Tuesday, July 13, 2010

What's Next for Kuwait's Activits?

As I expected a few days ago in my post, Al Fadhala has been released to a waiting and anxious crowd of supporters, amid cheers and tears. His case has been well-supported during his incarceration, mostly by people he either knew or were related to in some other way. The blogosphere was alight with news and events and criticism of everything from the court's decision to the PM's arrogance. So it's no surprise  that when he was eventually released after his second hearing yesterday, everyone was ecstatic. Personally, I was following every Tweet during his hearing, thanks to Om9edda and others, so when I read about his immediate release,  I felt as if a big load was just lifted off my chest, as I'm sure everyone else did when he emerged in his prison garbs. Hell, even the prison cops were smiling, for God's sake :) One of Kuwait's sons, who was imprisoned for political reasons, has been released by the power of the Law.

So, now what?

As I understand it, Khalid's a convicted felon now, his felony being that of slander against the Prime Minister in person, believe it or not. But instead of serving 3 months in jail, the judge commuted his sentence to the 10 days already served, upheld the KD150 fine and sent him off. So, he's still legally guilty of a felony, which makes him ineligible to run for office, according to Article 2, Section 1 of Kuwait's Elections Law, unless and until he's cleared his record with a Court's order. Worst-case scenario if he doesn't run for office, he'd be a very influential political activist.

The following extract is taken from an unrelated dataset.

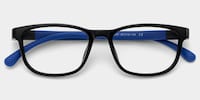Robin Rectangle Black Blue Glasses2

Fueled with more wrath and a much clearer insight into the ugly truth of Kuwaiti Politics in the 21st Century, he will undoubtedly be pursuing more concrete evidence of the Government's inability to fix the state of corruption and developmental degradation we're in today. Khalid has a heavier responsibility to shoulder, now that he's achieved what many politicians live & die for; political immortality, just like his name.

He will need to enlighten his followers about the truth behind the lies, he will need to be an example of what a proper Political Activist should be in Kuwait; A cordial, soft-spoken diplomat, skilled enough to tell you to go to hell in such a way that would make you look forward to the trip. He would also need to show restraint when facing the opposition, whoever, whatever and wherever they are, and that's the tricky part, I suppose. The men and women around him who will attend his speeches and listen to them intently will have to be told what road to take in order to succeed. The interviews he will be giving will have to show that he hasn't changed as a consequence of his indictment and imprisonment, and that he will continue to pursue corruption and it's figureheads until it's leaders are  exposed and brought to justice.

In Kuwait that's a tall order, as many of these people have layers and layers of protection around them, chiefly among them are some MP's and high-ranking officials within the Government Ministries, who may be protected themselves through blood relations, association, or in some cases, collaboration and blackmail. However, as long as there are people like Khalid Al Fadhala, who have shown that they are  more than willing to pay the price for their bold determination to effect positive change, things can only get better for all of us.

Today, Kuwait is a better place, Kuwaiti Democracy is a more mature heritage, Kuwaiti Justice is not as politicized as once accused, and Kuwaiti society has ultimately become a more enlightened and more determined one, all thanks to the PM's insistence to sue anyone who would criticize his office. Today, there lives another hero of the people, a righteous one, who has everything to lose and is still unafraid. It won't be long before more like him prop up and take center stage, only this time, there won't be any invisible puppet masters to dictate how and what to say, like some existing MP's.

Today, for the first time in a long time, the Government is worried, really worried.